Agregátor RSS

AI is ready to take over Python programming, but not much else

Computerworld.com [Hacking News] - 13 Květen, 2026 - 04:39

Tests of how well 19 large language models (LLMs) complete and perform complicated multi-step tasks has shown that they are both error-prone and, in many cases, unreliable.

The findings are contained in a preprint paper, LLMs Corrupt Your Documents When You Delegate, written by Microsoft researchers  Philippe Laban, Tobias Schnabel and Jennifer Neville based on a benchmark they created called DELEGATE-52 that allowed them to simulate workflows that might be part of a knowledge worker’s tasks. The paper is currently under review.

They said that the benchmark contains 310 work environments across 52 professional domains including coding, crystallography, genealogy and music sheet notation. Each environment consists of real documents totaling around 15K tokens in length, and five to 10 complex editing tasks that a user might ask an LLM to perform.
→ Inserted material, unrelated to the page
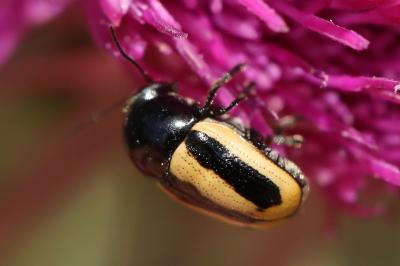 <i>Cryptocephalus vittatus</i>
And, they stated in the paper’s abstract: “Our analysis shows that current LLMs are unreliable delegates: they introduce sparse but severe errors that silently corrupt documents, compounding over long interaction.”

Those mistakes are significant, they said. “The findings show that current LLMs introduce substantial errors when editing work documents, with frontier models (Gemini 3.1 Pro, Claude 4.6 Opus, and GPT 5.4) losing an average 25% of document content over 20 delegated interactions, and an average degradation across all models of 50%.”
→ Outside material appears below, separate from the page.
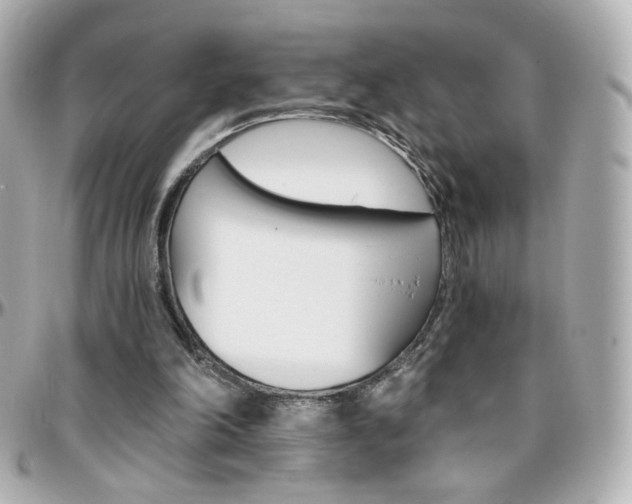 X0000096400198200801241011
Benchmark exercise receives a thumbs up

Brian Jackson, principal research director at Info-Tech Research Group, found the findings very interesting. “Putting a list of LLMs to the test across different work domains yields a lot of useful insights,” he said. “I think this type of benchmark exercise could be helpful to enterprise developers who are looking to leverage agentic AI to automate specific workflows and understand the limits of what can be achieved.”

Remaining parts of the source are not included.